What glibc version do you use?
sys-libs/glibc-2.22-r4:2.2::gentoo
Even more helpful would be also including vendor kernels, like the SLES10, SLES11, RHEL6, RHEL7 kernels, which are heavily patched, but based off older Versions.
I guess that is difficult to automate/getting your hands on though?
I agree. Sadly I don’t have enough machines to do all the tests I’d like :-/
But if you have a suitable machine, running the benchmarks is fairly simple (a single shell script will do the trick).
That last two kernels huge reads behaviour difference looks pretty interesting, doesn’t it? But that’s still not it.
I don’t follow. Where do you see huge difference in read behavior for the last two kernels? I don’t see anything like that on any of the charts.
I guess this post was triggered by the mention of changes due to PostgreSQL in 4.7…
https://kernelnewbies.org/Linux_4.7#head-f53f61733cb5cd6ca19e85721ee0fac195b40d61
Perhaps this commit in Linux 3.11 is relevant to the speedup?

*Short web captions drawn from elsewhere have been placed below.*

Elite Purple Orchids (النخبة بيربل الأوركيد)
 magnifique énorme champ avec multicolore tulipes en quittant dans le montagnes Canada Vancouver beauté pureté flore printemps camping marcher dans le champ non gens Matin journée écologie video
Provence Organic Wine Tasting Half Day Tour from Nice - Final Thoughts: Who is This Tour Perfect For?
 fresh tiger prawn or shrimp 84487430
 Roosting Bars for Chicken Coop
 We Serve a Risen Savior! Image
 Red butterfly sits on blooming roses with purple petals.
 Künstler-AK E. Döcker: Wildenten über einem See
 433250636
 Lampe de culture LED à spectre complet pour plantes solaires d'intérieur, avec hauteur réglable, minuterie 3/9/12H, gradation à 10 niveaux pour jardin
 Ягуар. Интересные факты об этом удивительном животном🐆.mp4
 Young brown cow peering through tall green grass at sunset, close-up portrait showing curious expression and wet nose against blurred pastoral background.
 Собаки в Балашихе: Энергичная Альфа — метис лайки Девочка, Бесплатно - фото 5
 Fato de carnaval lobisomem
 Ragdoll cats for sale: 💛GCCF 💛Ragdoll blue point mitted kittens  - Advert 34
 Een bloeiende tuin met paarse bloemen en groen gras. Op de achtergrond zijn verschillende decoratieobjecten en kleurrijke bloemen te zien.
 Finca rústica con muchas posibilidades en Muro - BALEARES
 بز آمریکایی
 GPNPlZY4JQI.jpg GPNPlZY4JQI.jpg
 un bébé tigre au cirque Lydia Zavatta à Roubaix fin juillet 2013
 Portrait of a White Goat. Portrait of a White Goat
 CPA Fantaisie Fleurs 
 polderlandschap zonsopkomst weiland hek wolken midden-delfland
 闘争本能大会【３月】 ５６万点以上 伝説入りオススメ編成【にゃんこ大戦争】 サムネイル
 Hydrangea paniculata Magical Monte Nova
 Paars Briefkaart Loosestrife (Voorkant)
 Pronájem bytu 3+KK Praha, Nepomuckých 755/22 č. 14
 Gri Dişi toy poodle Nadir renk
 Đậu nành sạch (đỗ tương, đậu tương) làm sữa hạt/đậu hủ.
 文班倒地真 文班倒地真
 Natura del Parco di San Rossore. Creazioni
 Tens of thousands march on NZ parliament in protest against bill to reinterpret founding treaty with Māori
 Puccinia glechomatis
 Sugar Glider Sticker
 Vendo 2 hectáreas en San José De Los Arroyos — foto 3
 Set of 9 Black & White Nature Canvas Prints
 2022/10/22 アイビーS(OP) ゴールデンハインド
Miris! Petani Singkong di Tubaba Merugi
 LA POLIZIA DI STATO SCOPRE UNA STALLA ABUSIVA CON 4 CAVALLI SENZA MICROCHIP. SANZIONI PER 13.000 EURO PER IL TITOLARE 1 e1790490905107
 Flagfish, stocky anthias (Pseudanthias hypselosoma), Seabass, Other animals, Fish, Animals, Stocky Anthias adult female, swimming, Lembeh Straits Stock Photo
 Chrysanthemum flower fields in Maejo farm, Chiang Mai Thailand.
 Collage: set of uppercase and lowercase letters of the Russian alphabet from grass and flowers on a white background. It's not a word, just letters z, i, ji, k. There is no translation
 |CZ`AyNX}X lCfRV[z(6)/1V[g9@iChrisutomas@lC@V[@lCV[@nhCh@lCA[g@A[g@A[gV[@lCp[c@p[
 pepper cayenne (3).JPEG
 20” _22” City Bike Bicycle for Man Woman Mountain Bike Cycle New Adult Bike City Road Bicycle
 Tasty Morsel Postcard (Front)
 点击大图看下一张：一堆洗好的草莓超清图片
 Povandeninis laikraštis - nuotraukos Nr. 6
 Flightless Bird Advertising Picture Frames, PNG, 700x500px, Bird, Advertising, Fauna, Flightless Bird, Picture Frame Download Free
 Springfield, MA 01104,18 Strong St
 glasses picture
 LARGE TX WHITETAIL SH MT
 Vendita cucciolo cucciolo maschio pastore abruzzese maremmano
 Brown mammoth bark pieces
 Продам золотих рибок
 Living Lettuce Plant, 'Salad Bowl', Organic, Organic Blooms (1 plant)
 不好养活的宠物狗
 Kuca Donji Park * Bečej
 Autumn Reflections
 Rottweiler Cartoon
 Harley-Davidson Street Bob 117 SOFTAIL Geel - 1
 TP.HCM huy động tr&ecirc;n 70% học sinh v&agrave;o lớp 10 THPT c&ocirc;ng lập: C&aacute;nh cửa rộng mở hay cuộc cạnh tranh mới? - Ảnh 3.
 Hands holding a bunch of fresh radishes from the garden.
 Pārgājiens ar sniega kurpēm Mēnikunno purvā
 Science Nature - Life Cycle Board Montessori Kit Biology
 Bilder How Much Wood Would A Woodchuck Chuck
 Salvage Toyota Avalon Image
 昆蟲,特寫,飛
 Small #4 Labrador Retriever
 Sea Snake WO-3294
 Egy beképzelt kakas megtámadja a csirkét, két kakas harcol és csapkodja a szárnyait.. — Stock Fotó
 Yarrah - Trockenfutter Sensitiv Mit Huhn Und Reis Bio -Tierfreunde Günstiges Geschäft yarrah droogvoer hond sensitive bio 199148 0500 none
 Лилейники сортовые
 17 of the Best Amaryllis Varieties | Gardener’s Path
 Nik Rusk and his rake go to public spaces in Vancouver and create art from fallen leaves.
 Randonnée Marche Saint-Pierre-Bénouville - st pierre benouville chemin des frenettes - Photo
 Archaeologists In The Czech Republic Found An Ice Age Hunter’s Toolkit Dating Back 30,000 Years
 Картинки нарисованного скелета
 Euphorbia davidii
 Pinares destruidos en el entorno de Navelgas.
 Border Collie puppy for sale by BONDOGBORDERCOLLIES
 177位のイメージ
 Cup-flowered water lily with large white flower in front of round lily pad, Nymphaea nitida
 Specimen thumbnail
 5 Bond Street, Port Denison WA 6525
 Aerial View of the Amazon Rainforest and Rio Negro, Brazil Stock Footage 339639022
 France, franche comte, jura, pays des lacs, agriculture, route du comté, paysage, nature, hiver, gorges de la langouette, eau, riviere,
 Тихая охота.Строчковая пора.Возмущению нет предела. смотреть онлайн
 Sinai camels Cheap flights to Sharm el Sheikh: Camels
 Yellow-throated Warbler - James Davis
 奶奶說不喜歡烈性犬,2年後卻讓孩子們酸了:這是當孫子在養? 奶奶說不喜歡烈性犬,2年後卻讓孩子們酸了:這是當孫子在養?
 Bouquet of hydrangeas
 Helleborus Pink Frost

http://git.kernel.org/cgit/linux/kernel/git/torvalds/linux.git/commit/?id=d3922a777f9b4c4df898d326fa940f239af4f9b6
It is mentioned that the ext4 extent cache shrink mechanism, “introduced in kernel 3.9”, had a scalability problem:
https://kernelnewbies.org/Linux_3.11#head-c2b933384f7efdc5b1a26936a92ad8ff2c4413e7
Extent tree leaf block caching in 3.12 strikes me as another possibility:
http://git.kernel.org/cgit/linux/kernel/git/torvalds/linux.git/commit/?id=107a7bd31ac003e42c0f966aa8e5b26947de6024
But as you say, hard to tell for sure; it could easily be something in memory management or the CPU scheduling.
Thanks for the ideas which patches might be causing the speedup between 3.10 and 3.12! Will look into that.
BTW no, the benchmarking was not triggered by the 4.7 changes (I wasn’t aware of them back in May when starting with this, as there was no 4.7 kernel back then).